* DATA EXCERPT *
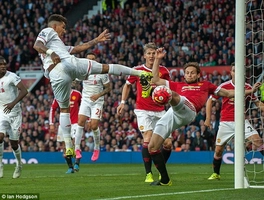 Màn trình diễn xuất sắc của Daley Blind ở trận đấu M.U 3-1 Liverpool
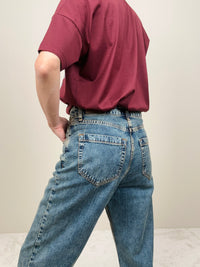 Jeans con balza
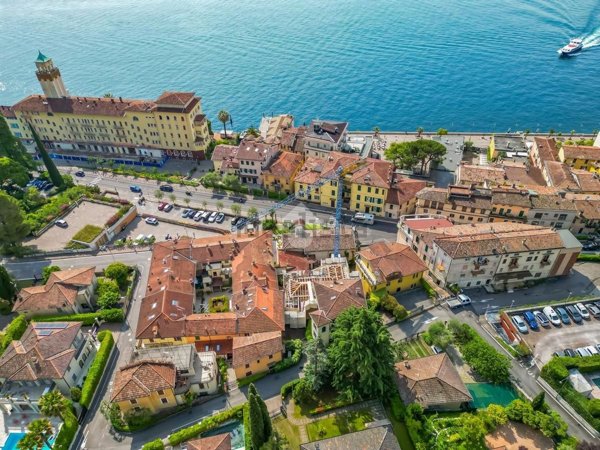 appartamento in vendita a Gardone Riviera in zona Morgnaga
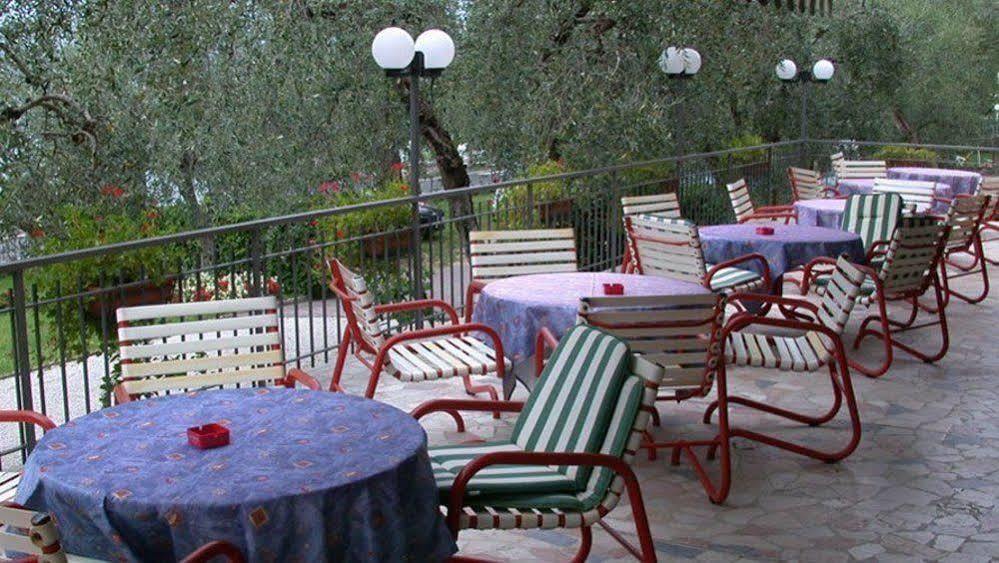 Hotel Garden Torri Del Benaco Buitenkant foto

* WHAT THE TASK ASKS *
The expected output is the full material above, unaltered, with pictures removed.

* OUTPUT OF THE TASK *
 Màn trình diễn xuất sắc của Daley Blind ở trận đấu M.U 3-1 Liverpool
 Jeans con balza
 appartamento in vendita a Gardone Riviera in zona Morgnaga
 Hotel Garden Torri Del Benaco Buitenkant foto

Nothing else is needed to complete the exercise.